- [Data for this exercise]
--*--

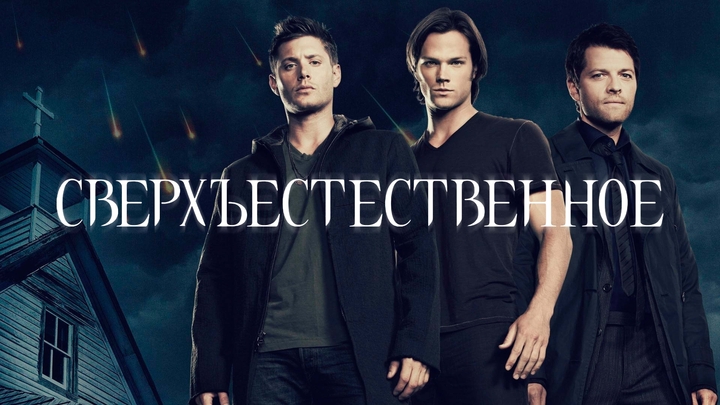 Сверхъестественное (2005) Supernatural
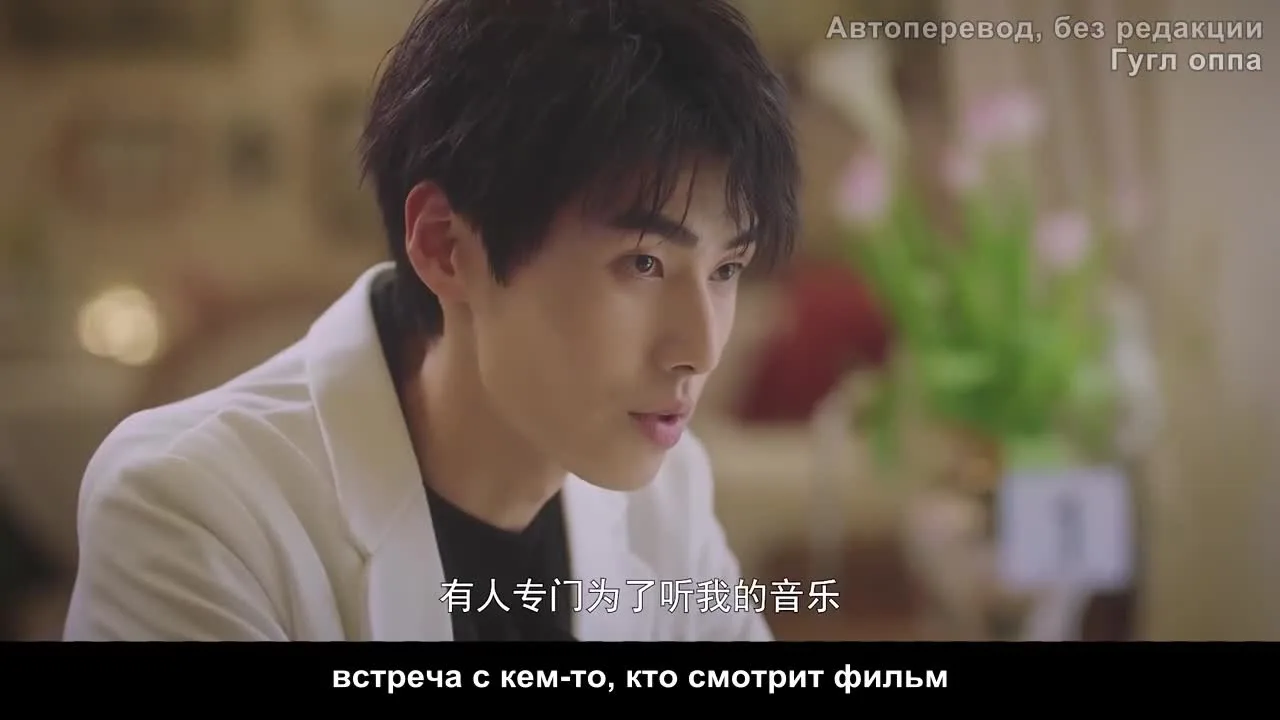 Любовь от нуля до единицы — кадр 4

--*--

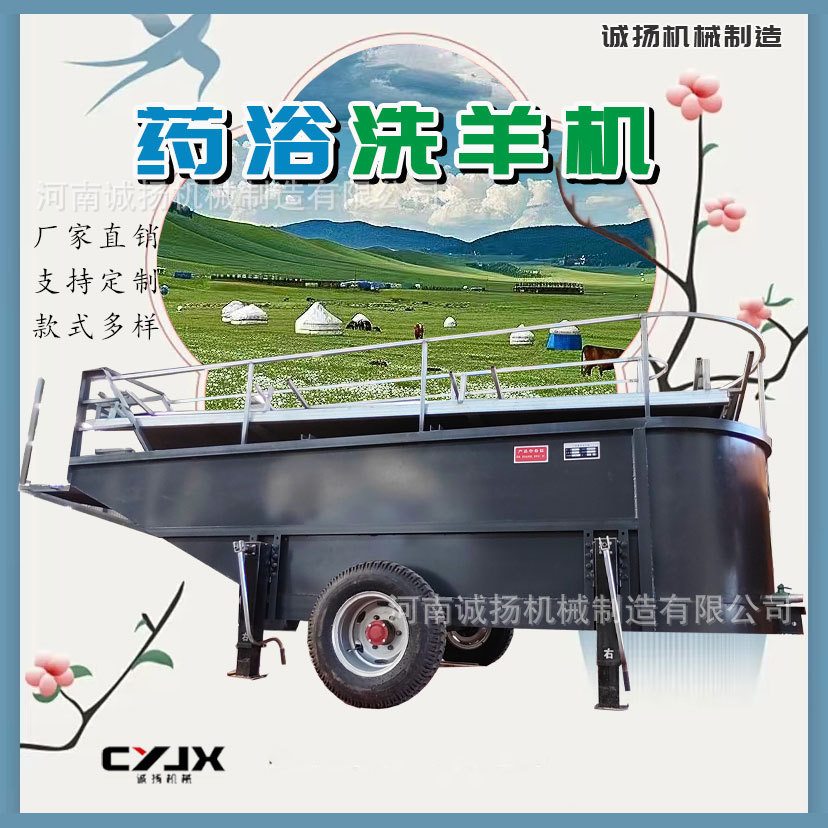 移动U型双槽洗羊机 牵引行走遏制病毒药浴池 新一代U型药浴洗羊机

--*--

- [Task to carry out]
Within these entries, output exactly the lines starting at the one with "Сверхъестественное (2005) Supernatural" and finishing at the one with "Любовь от нуля до единицы — кадр 4". Leave pictures out of the output.

- [Task solution]
 Сверхъестественное (2005) Supernatural
 Любовь от нуля до единицы — кадр 4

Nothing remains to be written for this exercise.